In the material below, find the line with "Produktbild Iron Maiden"; set down that line and every line after it to the end, exactly, without pictures.
─── DATA SEGMENT
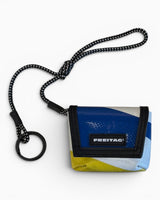 Mini Messenger Key Holder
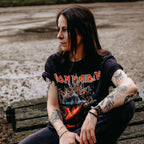 Produktbild Iron Maiden - Magic Nekusar T-Shirt schwarz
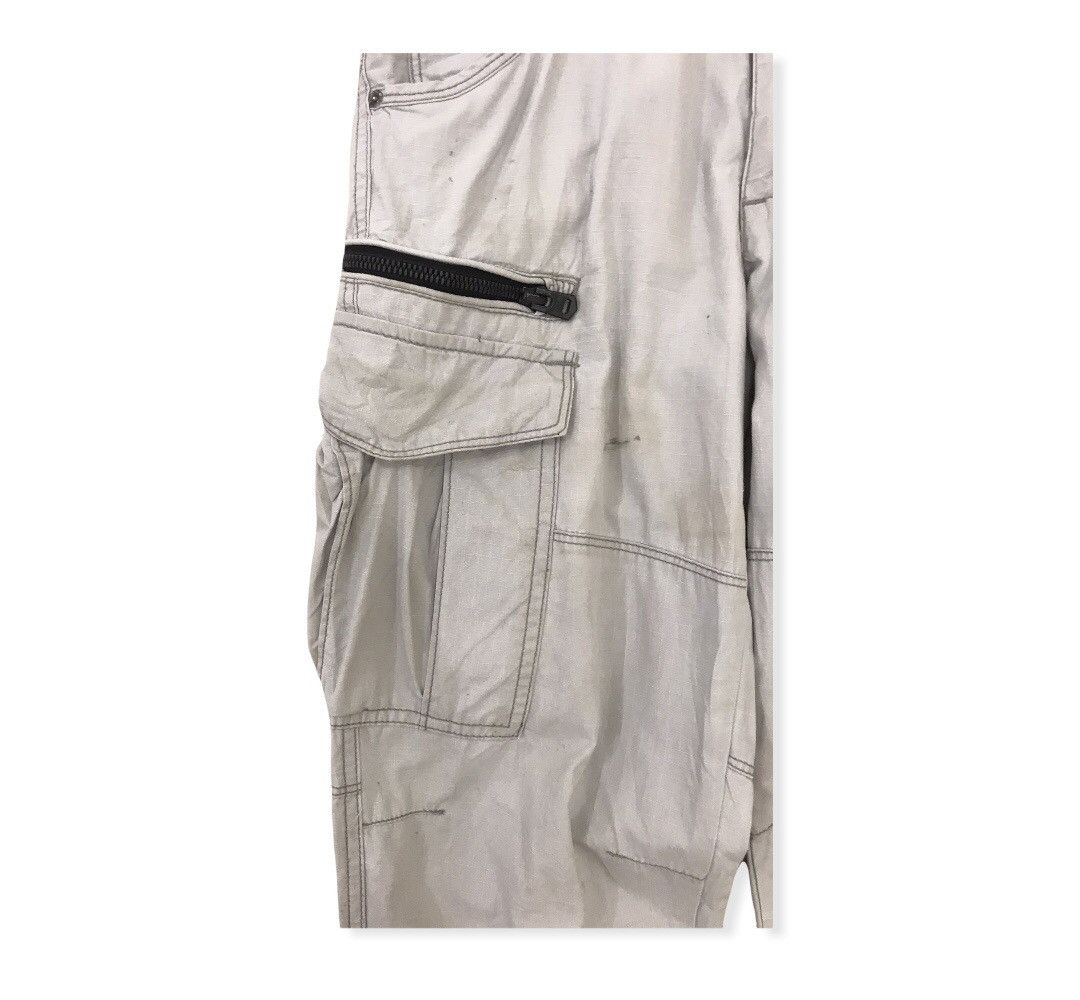 Japanese Brand Japanese Brand Burtle Trousers Cargo Pants Size US 27 - 8 Thumbnail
──────
▶ [TASK SOLUTION]:
 Produktbild Iron Maiden - Magic Nekusar T-Shirt schwarz
 Japanese Brand Japanese Brand Burtle Trousers Cargo Pants Size US 27 - 8 Thumbnail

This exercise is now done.